Lancet: MRI technique may open window for stroke therapy

Patients with an ischemic lesion visible on diffusion-weighted MRI images (DWI), but not on fluid-attenuated inversion recovery (FLAIR) MRI images, may be within the time window for safe and effective administrative of thrombolytic therapy, according to a study published online Oct. 5 in Lancet Neurology. The study also pointed to the possibility of an imaging biomarker to define a tissue window for stroke thrombolysis, according to an accompanying editorial.

Approximately 25 percent of ischemic stroke patients present with strokes that occurred during sleep, which excludes them from thrombolysis. These patients and others with an unknown time of stroke onset are excluded from therapy as thrombolysis should be administered within a 4.5-hour time window of stroke onset.

Previous research has suggested that mismatched visibility of an acute ischemic lesion between DWI and FLAIR may identify patients likely to be within a three-hour window of stroke onset, according to Gotz Thomalla, MD, of the department of neurology at University of Hamburg in Hamburg, Germany, and colleagues.

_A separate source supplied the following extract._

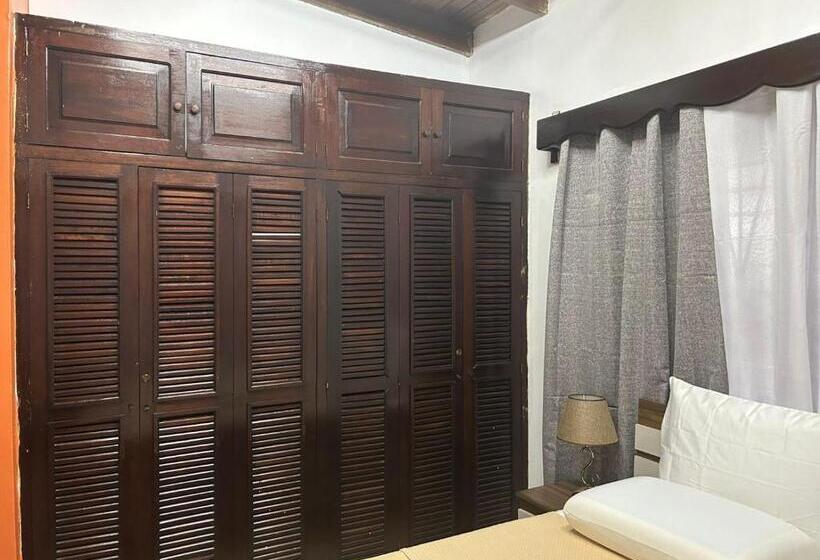 Seven Days Hotel B&b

Thomalla and colleagues designed a retrospective study to determine if DWI-FLAIR mismatch could estimate lesion age in patients with an unknown time of stroke onset.

Two neurologists reviewed DWI and FLAIR datasets of 543 patients acquired between Jan. 1, 2001, and May 31, 2009, to determine the visibility of lesions on the images. The researchers calculated predictive values of DWI-FLAIR mismatch for identification of stroke within 4.5 and six hours of onset.

Thomalla et al emphasized three primary findings. “We showed that the DWI-FLAIR mismatch can be used to identify patients within 4.5 hours of symptom onset with high specificity and high positive predictive value [78 percent and 83 percent, respectively].” However, at 62 percent, sensitivity was low, indicating the need for studies of additional imaging methods. The researchers also identified several potential confounders that could affect the accuracy of DWI-FLAIR mismatch, including lesion volume and image quality.

“The clinical use of DWI-FLAIR mismatch as a surrogate marker of lesion age could enable the extension of thrombolysis use to a new population of patients who are likely to benefit from treatment. However, patients should not be offered such treatment beyond a time from onset of symptoms during which thrombolysis is safe and effective,” Thomalla and colleagues wrote.

These restrictions require high specificity and positive predictive value. The values derived in the current study met this threshold, the researchers said, and suggest the need for a prospective clinical trial to begin testing the role of DWI and FLAIR imaging and thrombolysis among patients with an unknown time of stroke onset.

An accompanying editorial, authored by Michael D. Hill, MD, and Richard Frayne, MD, of Hotchkiss Brain Institute at University of Calgary in Canada, noted that DWI-FLAIR mismatch may help identify a tissue window that defines salvageable tissue. Thus, an imaging biomarker could identify patients within the 4.5 hour time window who would not benefit from thrombolysis and also those beyond the window who could benefit.